In the context of the Arabic language and in line with our findings, Samaan et al. showed less accurate performance of ChatGPT in Arabic compared to English in cirrhosis-related questions [49]. In a non-medical context, Banimelhem and Amayreh showed that ChatGPT performance as an English to Arabic machine translation tool was suboptimal [50]. In a comprehensive study, Khondaker et al. revealed that smaller, Arabic-fine-tuned models consistently outperformed ChatGPT, indicating a significant room for improvement in multilingual capabilities, particularly in Arabic dialects [51]. In the current study, our results suggested that the pattern of lower performance in Arabic extends to all tested AI models despite lacking significance in Bing and Bard.
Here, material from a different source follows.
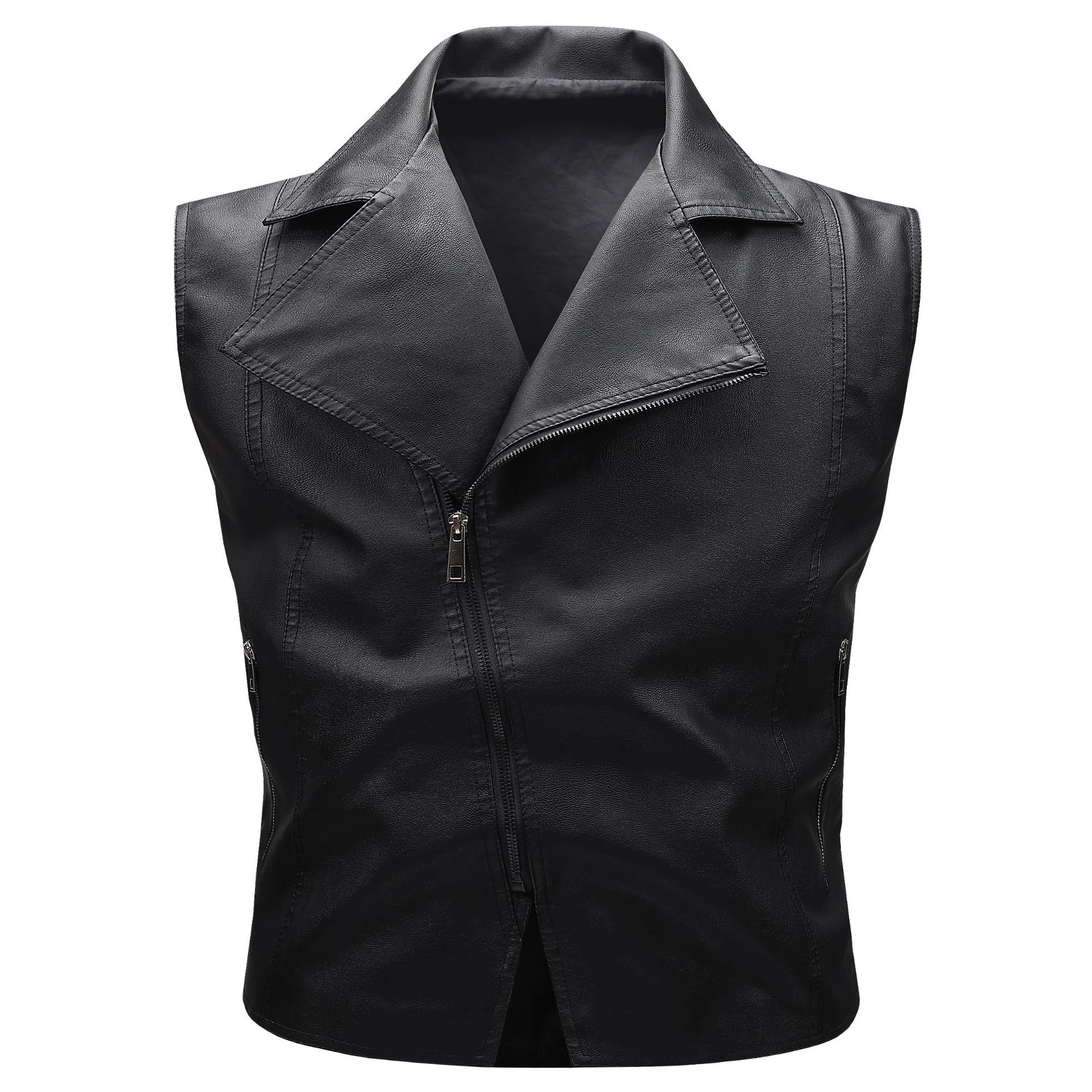 Leather Work Vest - Motorrad-Frühlingsjacke / Leichte Motorradweste / Wild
The use of the CLEAR tool in this study was crucial for pinpointing specific areas for improvement in each language. Specifically, the study findings revealed that in both GPT-3.5 and GPT-4 models, the appropriateness in Arabic lagged behind English. This highlights key areas for enhancement in Arabic, such as the need to improve areas of ambiguities in the generated content and the need for organizing the content in a more effective style. Additionally, accuracy issues observed in ChatGPT-3.5 and Bard highlighted the need for content verification particularly in health-related queries as well as the necessity of acknowledging the potential for inaccuracies in these models (e.g., through clear flagging of potential inaccuracies within the generated responses).
Based on the study findings, we recommend AI developers, particularly at OpenAI, to prioritize cultural and linguistic diversity, especially in health-related content. It is important to acknowledge and address these disparities to ensure equitable and accurate health information dissemination. Further research is needed to confirm if such language disparities are prevalent in other languages as well, which would reinforce the need for more inclusive and diverse AI training datasets. The study calls for collaborative efforts from AI developers, researchers, and healthcare professionals to enhance the performance of AI models for a broader, more inclusive outreach. As AI continues to be integrated into healthcare information dissemination, addressing these linguistic and cultural disparities is crucial for advancing global health equity.
Finally, it is important to interpret the results of the study in light of several limitations as follows: First, the limited number of queries tested on each model, albeit sufficient to reveal potential disparities might limit the generalizability of the findings. Second, the assignment of CLEAR scores may vary if assessed by different raters. To mitigate potential measurement bias, this study employed key answers derived from credible sources as an objective benchmark before CLEAR scoring of the AI generated content. Third, the study did not account for the various Arabic dialects, focusing only on the Standard Arabic. Future research could expand on this particular issue in light of the previous evidence showing potential variability in dialectical performance [51]. Finally, future studies can benefit from including a broader range of queries involving not only infectious disease topics to achieve a more comprehensive understanding of AI performance in diverse health and linguistic contexts.